Segment Start: Records provided

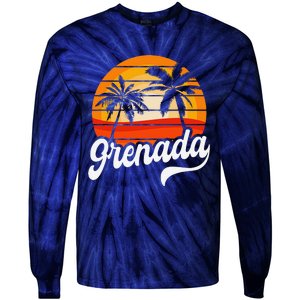 Grenada Beach Palm Tree Grenadian Vacation Tie-Dye Long Sleeve Shirt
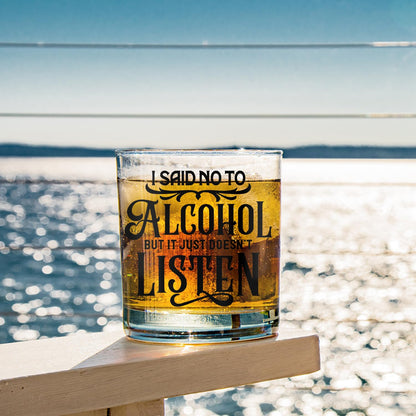 Funny Alcohol Gifts Whiskey Glasses, Alcohol Lovers Gifts, Funny Old Fashioned Rocks Glasses for Women Men Drinking Scotch Bourbon Vodka Liquor, 10 oz
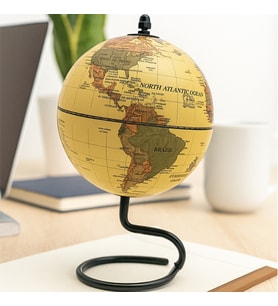 Magic Revolving Globe – Siyah Gümüş Renkli Metal Standlı Dönen Dekoratif Dünya Küresi 15x20x15 cm (Karışık)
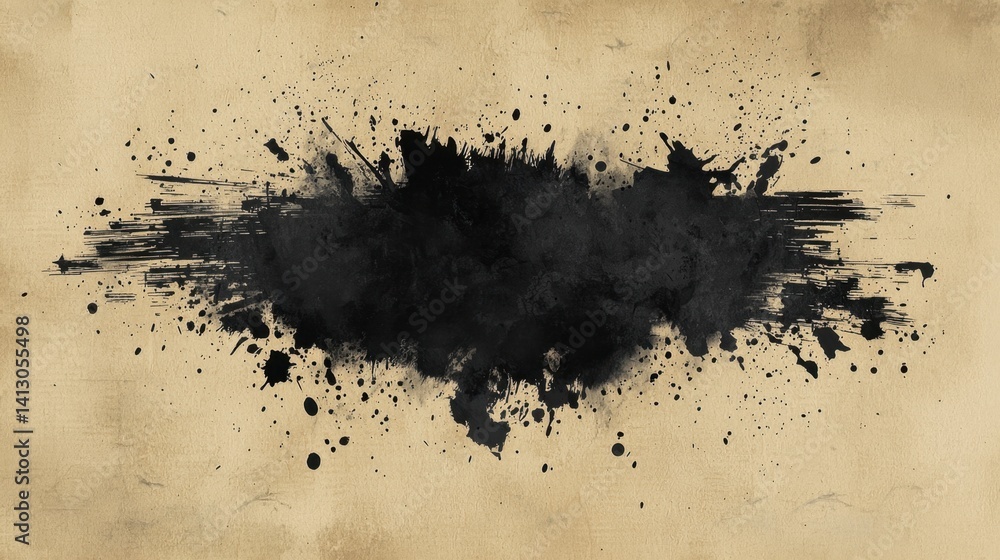 Aufkleber black ink splashes and smudges interact with a beige textured background, forming a striking contras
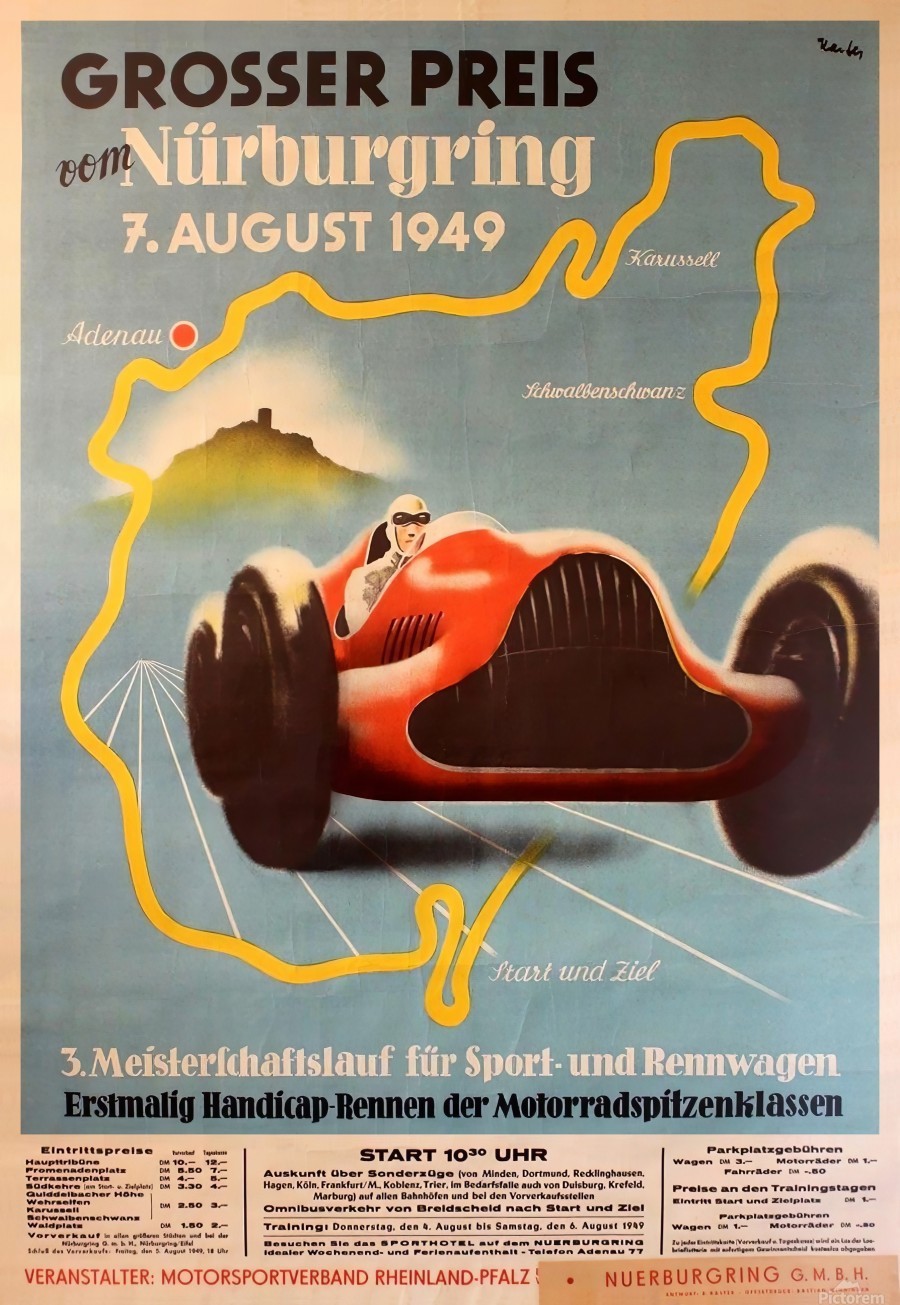Original Vintage Sports Car Racing Poster for the 1949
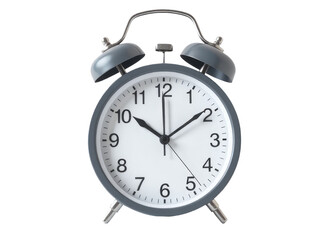 An alarm clock displayed prominently on a clean and minimalist white background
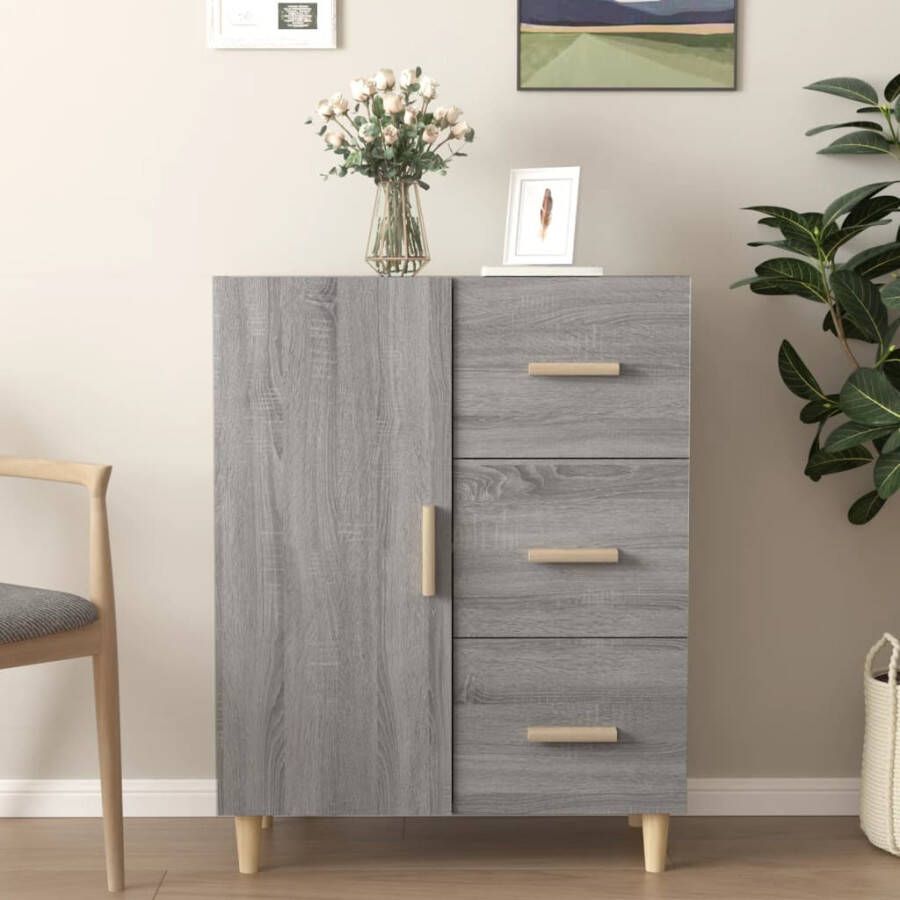 Prolenta Premium INFIORI Dressoir 69 5x34x90 cm bewerkt hout grijs sonoma eikenkleurig - Foto 3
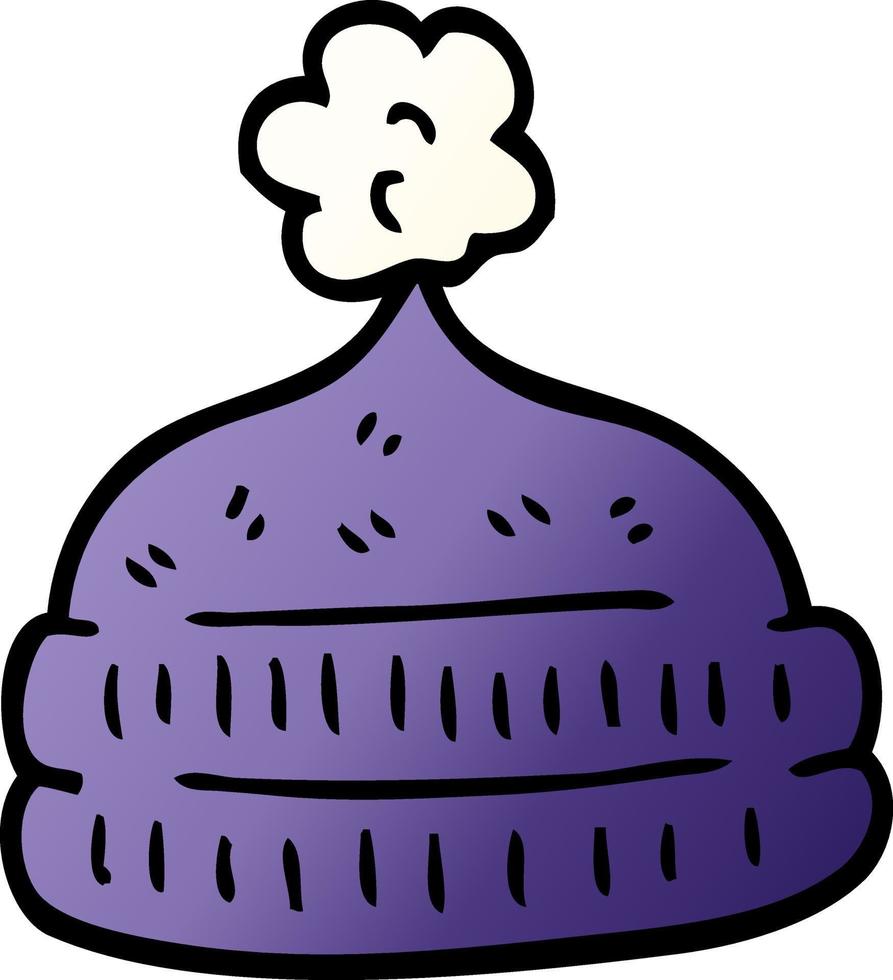 cartoon doodle winter hats vector
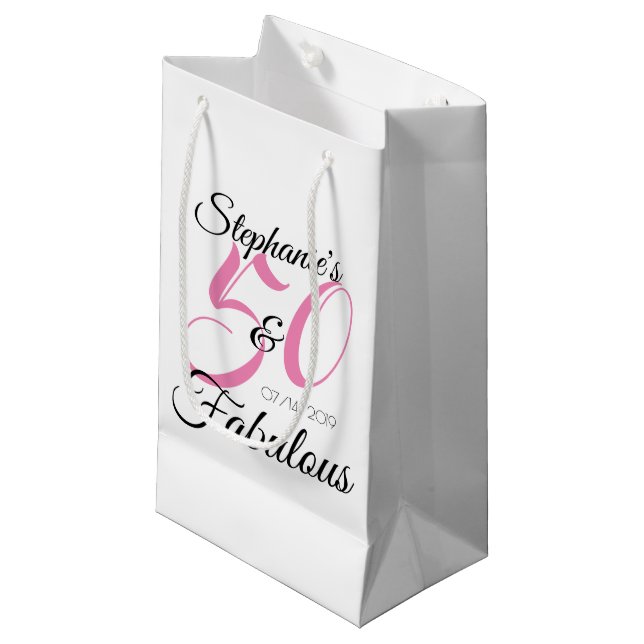 50 and Fabulous Pink Personalized Birthday Party Small Gift Bag (Front Angled)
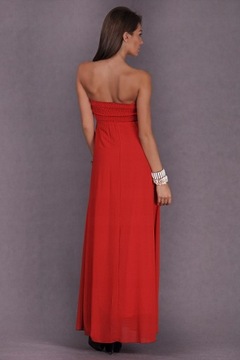 Sukienka maxi elegancka na wesele czerwona M 38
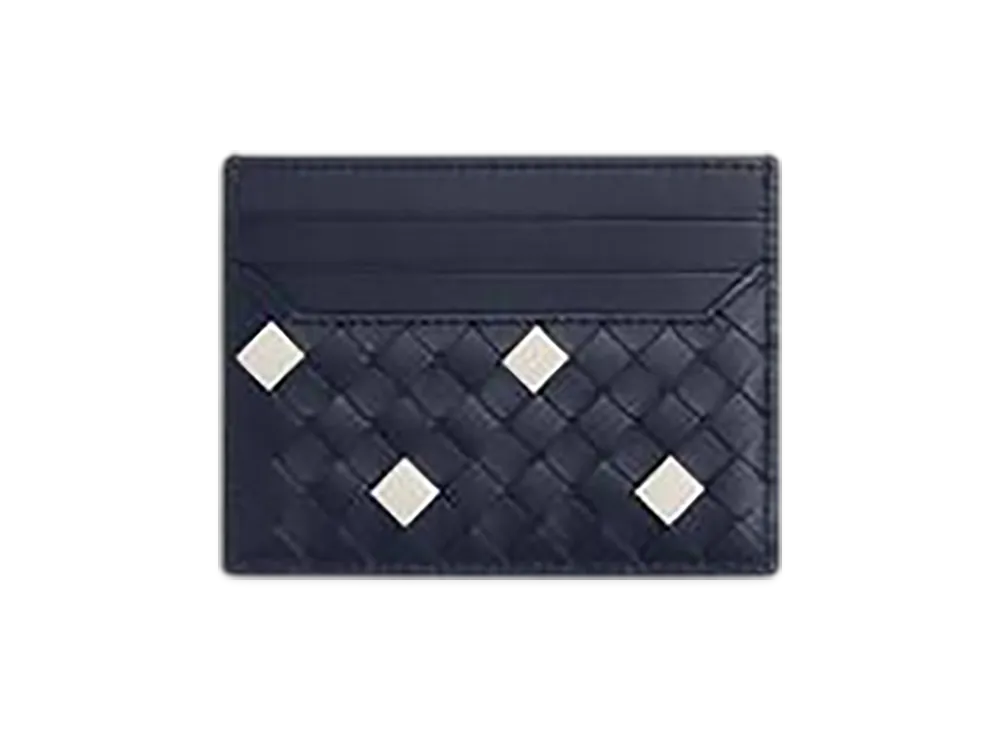 Bottega Veneta Intrecciato Piccolo Card Case "Abyss/White"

Segment End: Records provided

- [Directions for this task]: Copy the lines of the records, beginning where the line containing "50 and Fabulous" appears and continuing through the final line, exactly and with no pictures.

- [Answer box]:
 50 and Fabulous Pink Personalized Birthday Party Small Gift Bag (Front Angled)
 Sukienka maxi elegancka na wesele czerwona M 38
 Bottega Veneta Intrecciato Piccolo Card Case "Abyss/White"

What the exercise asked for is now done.